El más difícil todavía de la factoría Pixar no pasaba por mejorar su prodigiosa técnica visual, sino por conseguir realizar una película como Coco. Animación deslumbrante al servicio de una historia madura que rinde homenaje a la cultura tradicional mexicana. Algo impensable hace unos años, pero que ahora es una realidad: Coco es la primera película de Pixar en la que no aparece ningún personaje caucásico. Además, el filme salva las críticas de la tan manida apropiación cultural al integrar a la perfección dentro de su guion el Día de Muertos así como los diversos elementos que caracterizan esta ancestral tradición. Pero no sólo esto. Aunque por la pantalla desfilen figuras como Cantinflas, Jorge Negrete, Frida Kahlo, María Félix y el luchador El Santo, Coco no es una película por y para el público mexicano. Tampoco es un intento a la desesperada de Pixar de recuperar público tras algunas decisiones más o menos cuestionables (Monstruos University, El Viaje de Arlo, Cars 3). Muy al contrario, Coco es una aguda reflexión sobre la memoria y la identidad, que no rehuye un asunto tan espinoso como la muerte. De hecho, logra hacer de él su eje central. ¿Están preparados los espectadores para algo así? Si hacemos caso tanto a la taquilla como a la crítica, lo están. Sin embargo, dentro de la sala y tras padecer los interminables anuncios previos y el infumable ‘corto’ navideño de Frozen las cosas cambian. Y no hablamos de que los esqueletos puedan asustar a los pequeños espectadores, porque los niños de hoy en día están curados de (ese) espanto; sino de que el argumento de la película en su segundo tercio es quizá demasiado maduro para un público infantil.

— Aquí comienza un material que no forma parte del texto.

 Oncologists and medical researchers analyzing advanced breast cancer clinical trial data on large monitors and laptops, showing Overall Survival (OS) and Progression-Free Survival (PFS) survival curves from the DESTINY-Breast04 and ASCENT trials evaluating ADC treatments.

Algo que no desmerece en absoluto la intención de los cineastas, pero que sí sitúa a los espectadores en una encrucijada a la hora de catalogar como cine para niños las películas de animación de Pixar. Seamos claros: cada vez lo son menos. Y ya que los niños no acuden solos al cine, los guiones de estas películas cada vez apelan más al niño que aún habita dentro de todo adulto. Es en esa infancia latente donde radica la fuerza de películas como Coco. Su mensaje universal trasciende las tradiciones mexicanas. ¿Se puede disfrutar de una película como ésta sin conocerlas? Desde luego. Bien es cierto que algunos de los gags están basados en ese acervo azteca, pero no por ello la película es menos disfrutable. Se agradece, además, que el doblaje en lengua hispana corra a cargo de actores mexicanos. De hecho, Gael García Bernal (Héctor) dobla a su personaje tanto en la versión inglesa como en nuestra lengua y se atreve también a entonar alguna de las canciones de la prolija banda sonora.

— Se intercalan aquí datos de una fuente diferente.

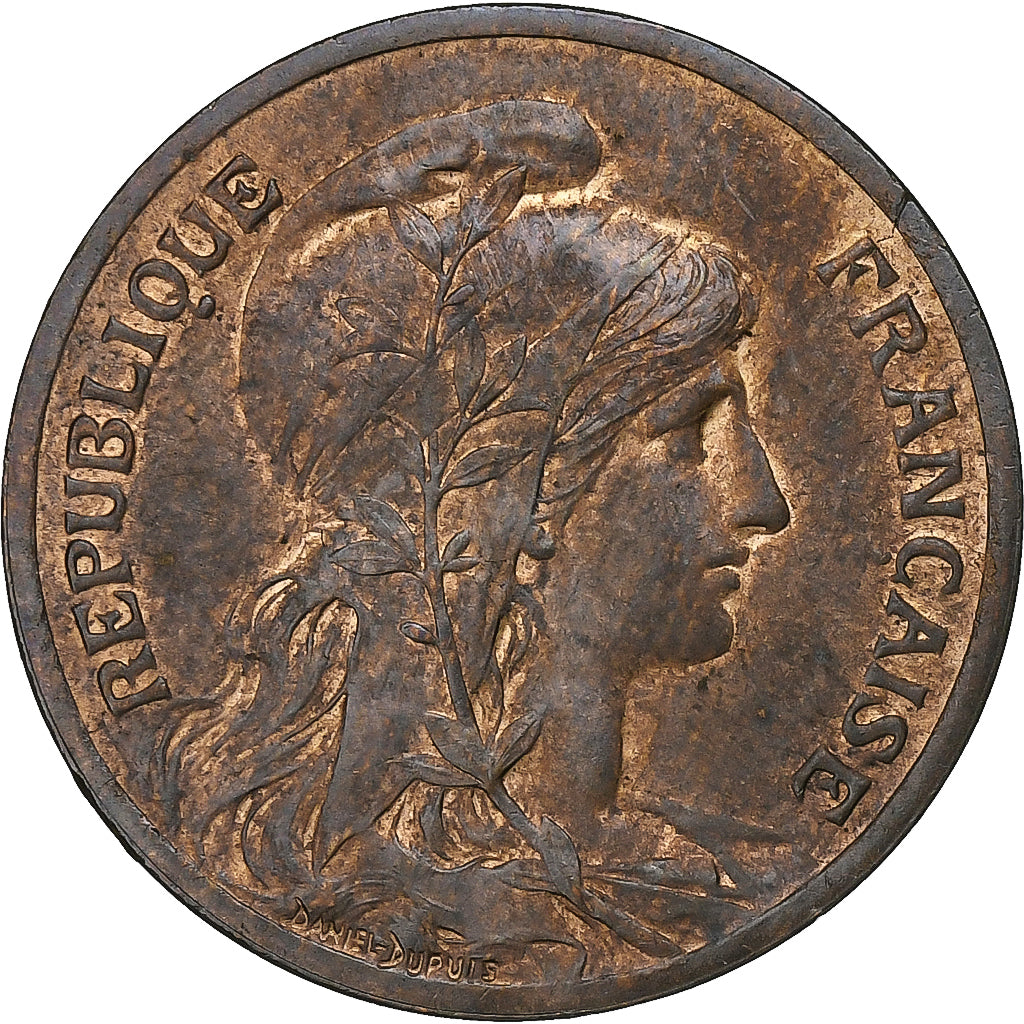 France, 5 Centimes, Dupuis, 1901, Paris, Bronze, AU(50-53), Gadoury:165, KM:842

Porque éste es otro asunto importante a considerar: Coco es un musical. Y lo es con un orgullo racial que enarbola en cuanto tiene ocasión. Por su score desfilan figuras tan conocidas como los cantantes Marco Antonio Solís, Angélica Vale, Natalia Lafourcade, Miguel… Una amplia nómina de figuras que se citan en la partitura del compositor Michael Giacchino. Uno de sus trabajos más coloristas y, al tiempo, más efectista que efectivo. Junto con el previsible desarrollo central de la historia estos son los dos puntos flacos de una película que destaca por todo lo ya relatado y que nos deja una importante enseñanza final.
La mayoría de los espectadores que asisten a ver Coco esperan que su título corresponda al nombre del niño protagonista de los carteles promocionales. Es cierto que el pequeño Miguel junto a su perro Dante y el resto de su(s) familia(s) son los verdaderos protagonistas de esta cinta coral, pero lo que sólo alcanza a comprender el público adulto que se enjuga las lágrimas antes de que se vuelvan a encender las luces de la sala es por qué es tan importante que el título sea el que es. Y la verdadera protagonista de esta historia sea otra.